Thursday, February 10, 2011

the unbearabe lightness or heaviness of being

I remember coming here five years back. I remember getting off at Mumbai Central and riding through its lanes to my cousin’s house at midnight. Autorickshaws neatly lined alongside the road below the neglected mercury lamps. I remember walking early the next morning to marol naka to see my friend off for office. The air had urgency. Every foot was in a hurry. In the evening I was at Victoria Terminus for the first time. The atmosphere was still. The heart was numb. Amongst that chaos there was stillness inside. I lived that moment. I remember falling in love with that calm inside.
And now I’m here. Living that frenzy. Now I’m one of them. Though I still feel like an outsider. I’m an outsider. But I feel like that everywhere. Chuck that.
Arun
A distant, lonely, ignorant, artist stumbles on fresh inspiration after finding his gateway to the heart of Mumbai. The exciting intimacy of living in someone’s house. Walking the same corners, having the same view, meeting the same people, living the anxieties. Knowing her as intimately as one can. Interacting with her through a window with one end. A city glowing from a distance. A fire glowing in someone’s eyes. Wondering chaos inside.

Shai
A free spirit, on a break from a mad world trying to understand something madder. Or just trying to live the madness. At ease with her limit. She’ll always be an alien, she knows that. She gets entangled with someone who is trying to live in chaos.
She gets involved in the flux herself. To guide her through the flux she hires someone who is the flux himself but is not aware of it.

Munna
The Mumbai we see from the distance. The underbelly. The ghetto of dreamers. The railway track which is the pride and the shame simultaneously. The mud of the sea.
The face at the next signal. The world that we can only aspire to know.

Yasmeen
Neither world. The largest segment, the least known. The lamenting voice. Caged. Burdened. Helpless. Clipped. Walking through empty landscapes, shouting in crowded streets while no one hears.
the death of hope. the agony and the ecstasy of bourgeois.
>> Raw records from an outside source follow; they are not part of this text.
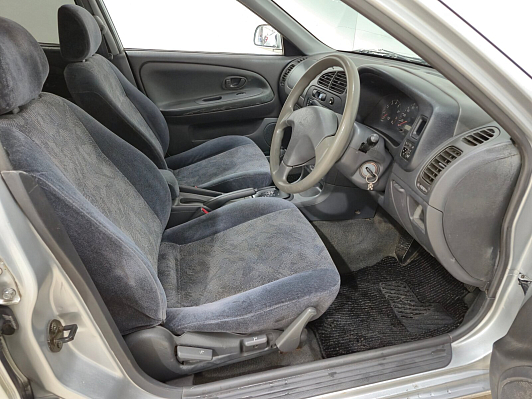 Mitsubishi Lancer, 2000 года, пробег 331398 км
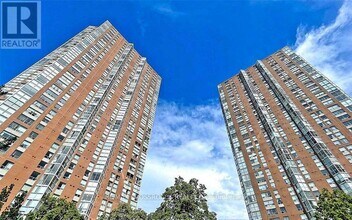 7 Concorde Pl in Toronto, ON - Building Photo - Building Photo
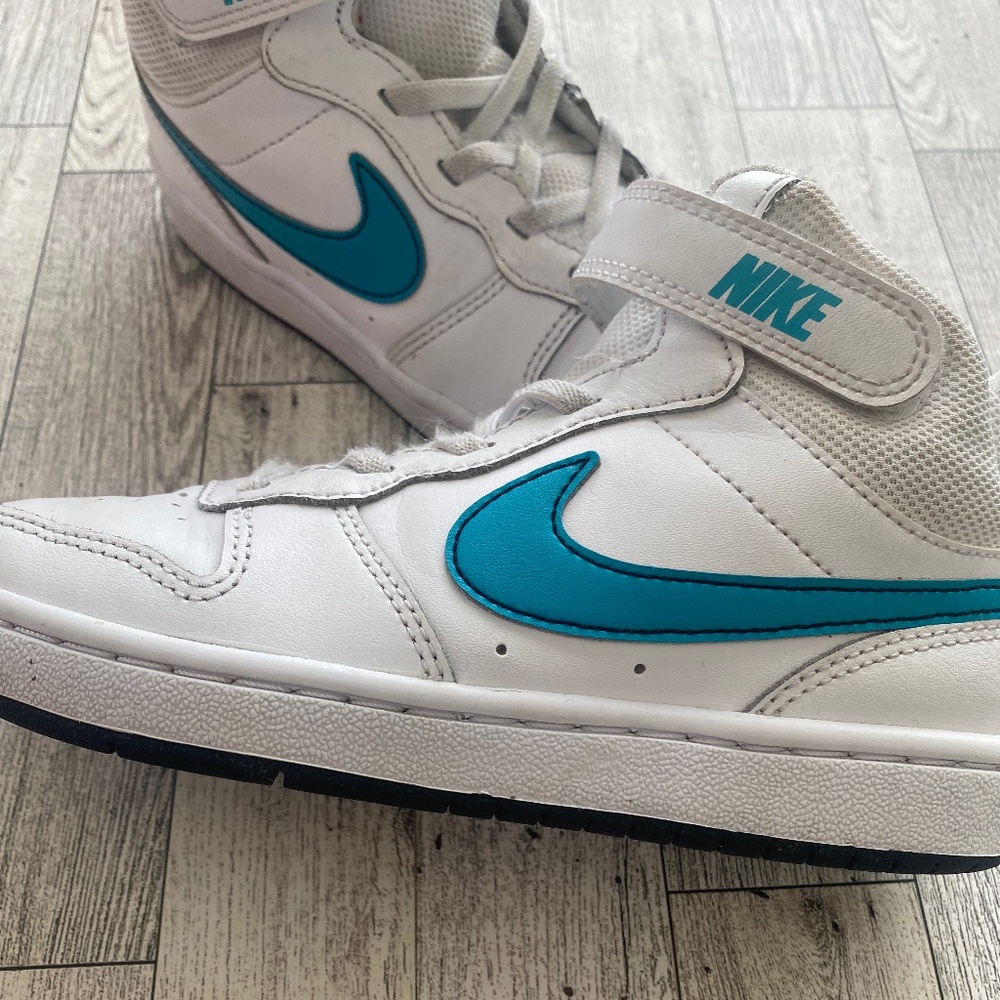 Nike Court Borough Mid 2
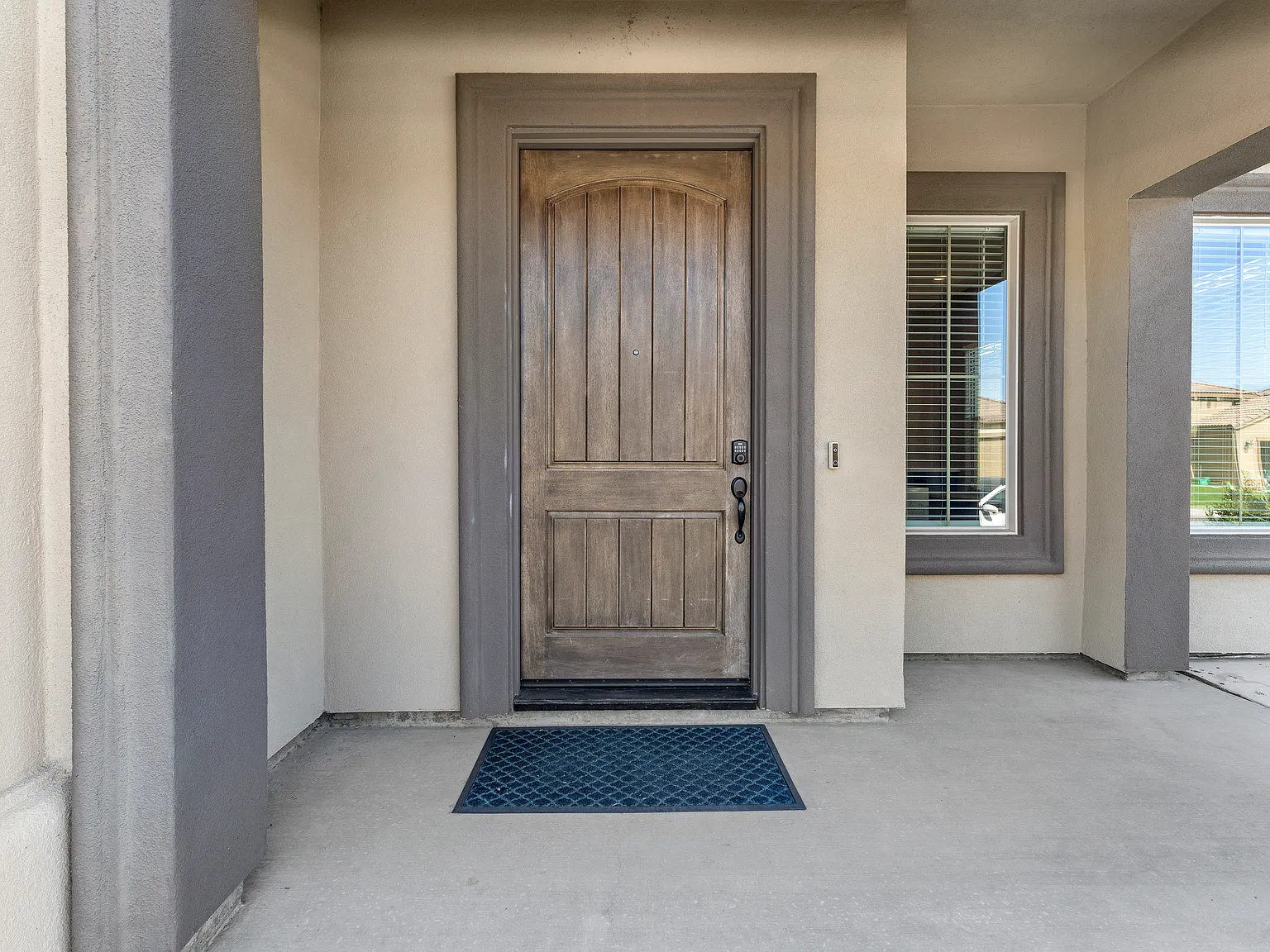 4 bed, 2736 sqft, $3,300 — Photo 3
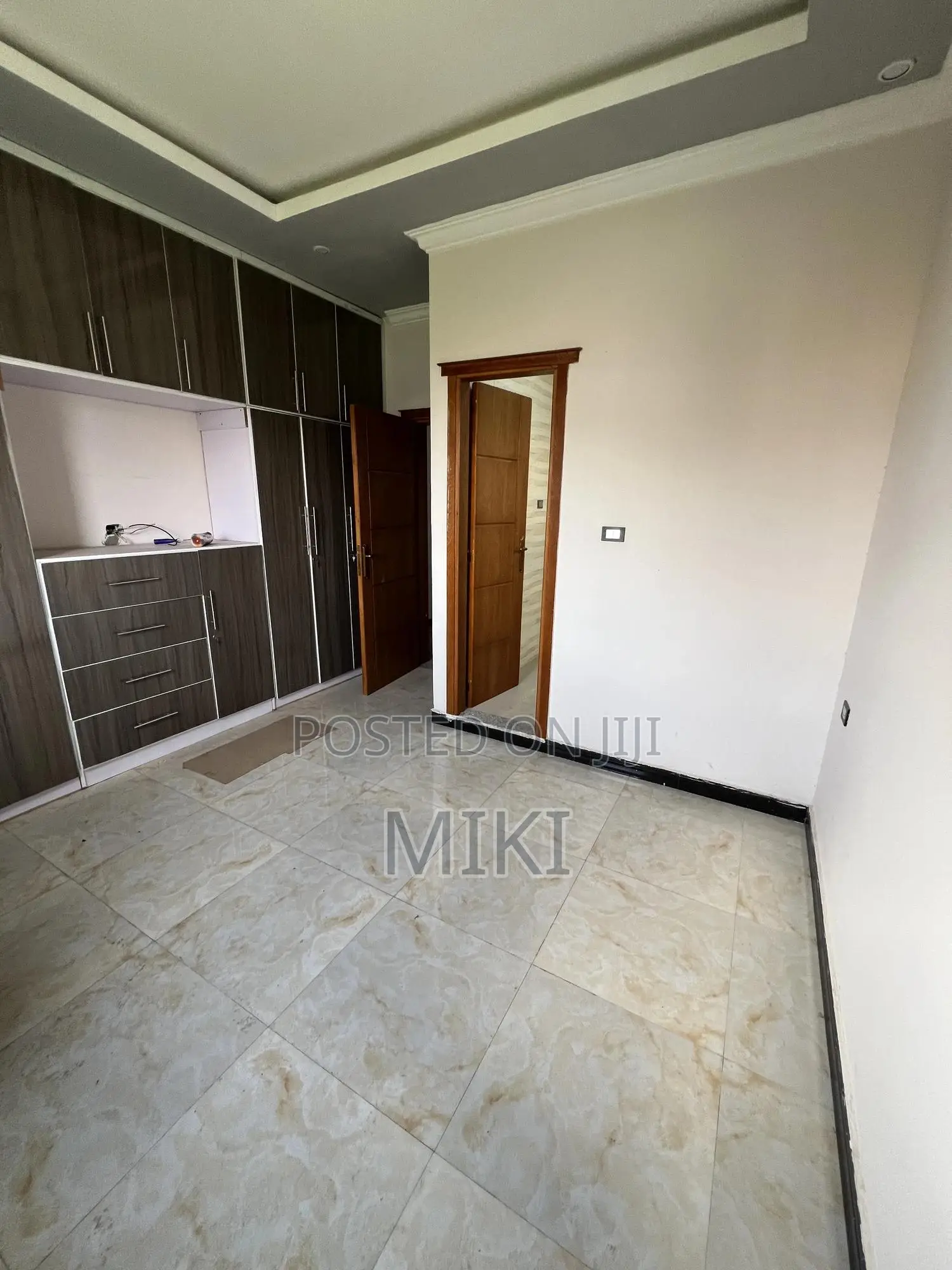 Furnished 3bdrm Apartment in Haile Garment, Nifas Silk-Lafto for sale
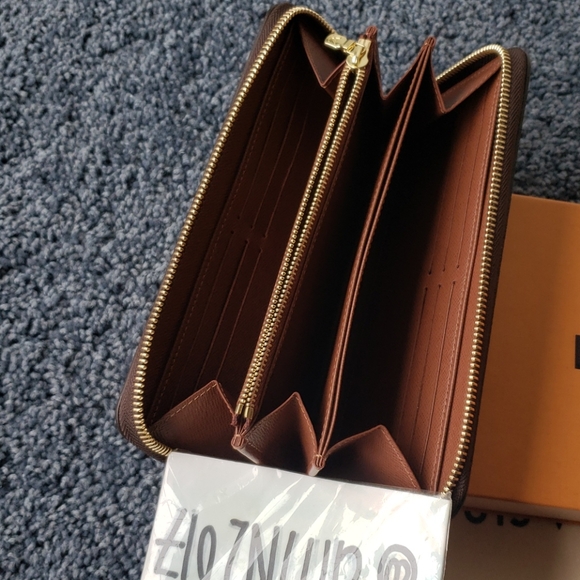 Louis Vuitton Monogram Zippy Wallet - Picture 8 of 13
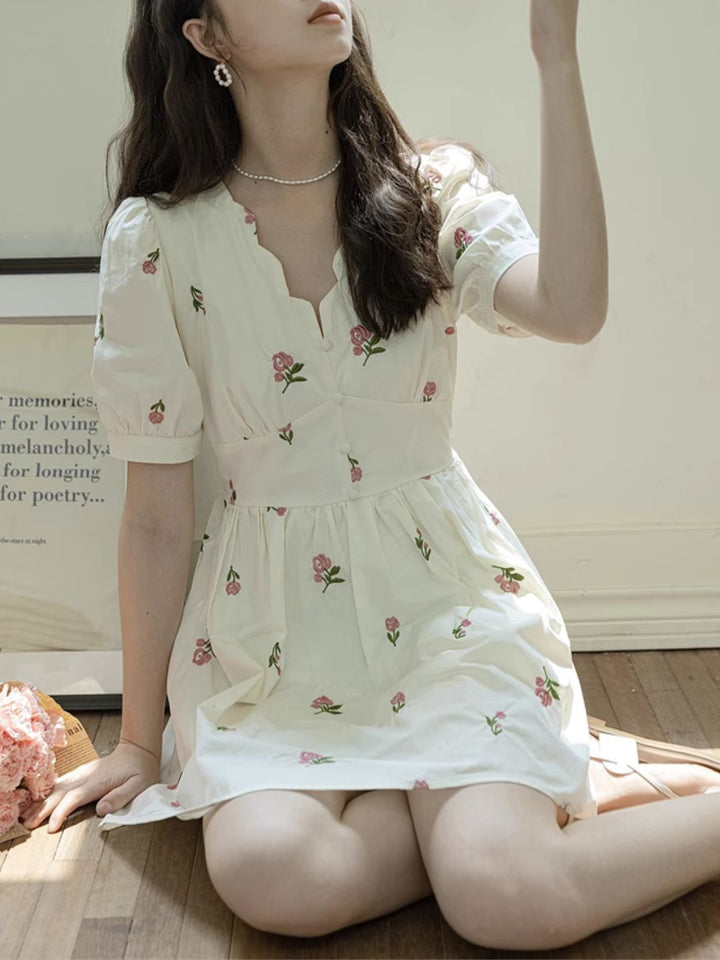 V-neck Flower Embroidered Puff Sleeve Dress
Welcome to Kiran Rao’s Dobi Gat. A very well collaged, painfully exotic,moving canvas.
Lifelike in its forgetting. Divine in its reach. The unbearable lightness or heaviness of being. Held at unknown breath’s distance. The chill of a winter ride through misty unknown. The dissatisfaction of empty nights played out on newly whitewashed walls.
The echo of nostalgia amok.

“Dear Leonard. To look life in the face, always, to look life in the face and to know it for what it is. At last to know it, to love it for what it is, and then, to put it away. Leonard, always the years between us, always the years. Always the love. Always the hours.”